Accurately predict the probability of the rise or fall of 2,600 stock prices, in bulk, three months in the future, to feed a portfolio investment/divestment process.
Standard and Poor's needed high accuracy rankable estimates of the rise and fall of a large volume of stock prices for a fund advisory portfolio management system. We provided the "Enterprise Modeling Server" (EMS III) neural network forecasting system as a solution. This solution builds, validates and rebuilds as needed 10's, 100's or 1,000's of genetically optimized neural network models. The EMS system had been proven effective previously for large volume customers such as DisneyWorld. Standard and Poor's provided proprietary inputs which were, in part, based on their Fair Value metrics. The 2,600 stocks were selected from the much larger universe of stocks because they had a long enough history (not new issues) and had not recently gone through a significant merger (notable behavior change). The data provided was in a relational database that the EMS extracted from using parameterized queries, the data was then modeled in a queued parallel processing walk-forward batch process, then the models were validated on hold-back data and failing models were requeued automatically to be rebuilt. This process was repeated until satisfactory models were obtained or the stock was put into an exception queue. Forecasting was then performed out over a 3 month horizon and the probabilities of the rise and fall created by the models were written to a relational database. The portfolio building process provided by Standard and Poor's extracted these forecasts, ranked them, "tiled" them (pentile or decile), and divested from stocks expected to fall (bottom pentile or decile) and invested in the ones expected to rise (top pentile or decile).

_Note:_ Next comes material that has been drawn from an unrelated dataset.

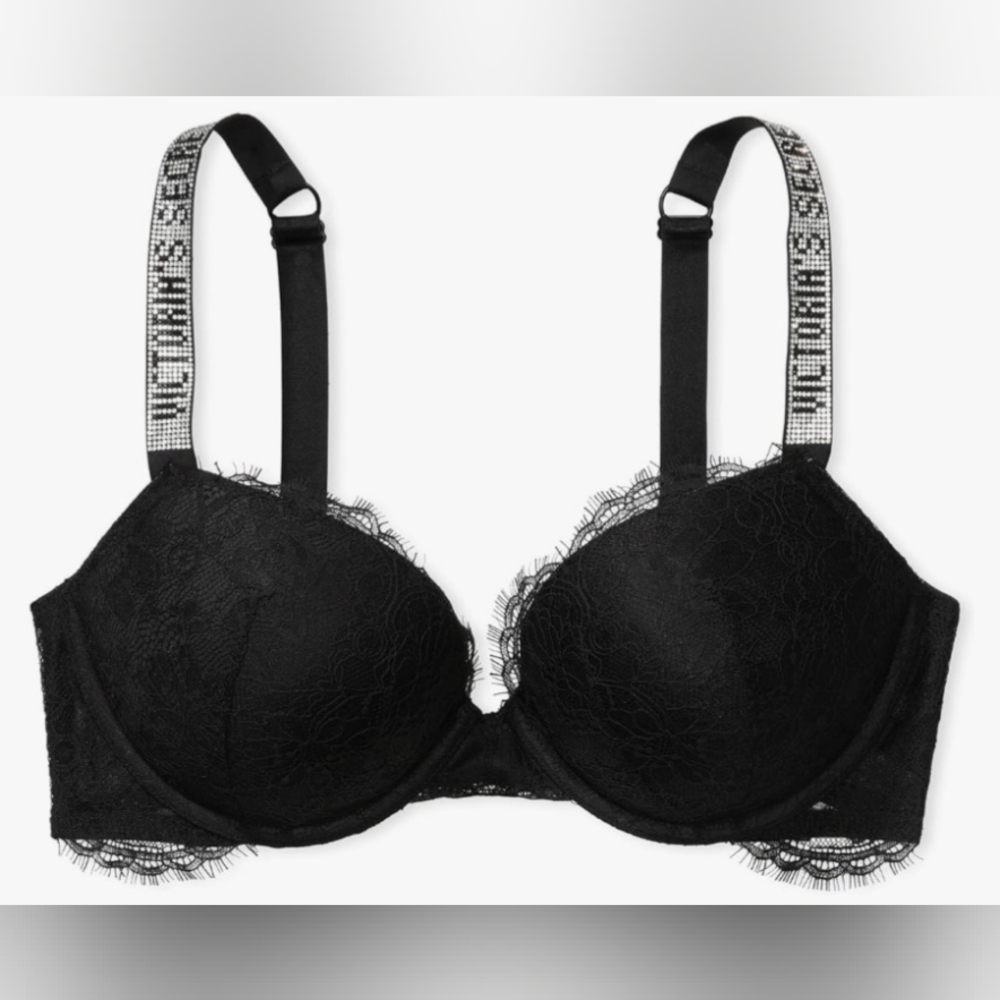 38C Victoria's Secret Shine Strap PushUp Bra Black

The system performed very well.
- Title: High Volume Securities Forecasting
- Client: Standard and Poor's
- Challenge: Customer wants accurate predictions of the rise and fall of securities for portfolio management.
- Skills: Data Access, High Volume Modeling, Batch Prediction, Performance Monitoring and Remodeling
Accurately predicted in bulk three months in advance the probability of the rise or fall of 2,600 stock prices to supply the estimates into deciled portfolio investment/divestment.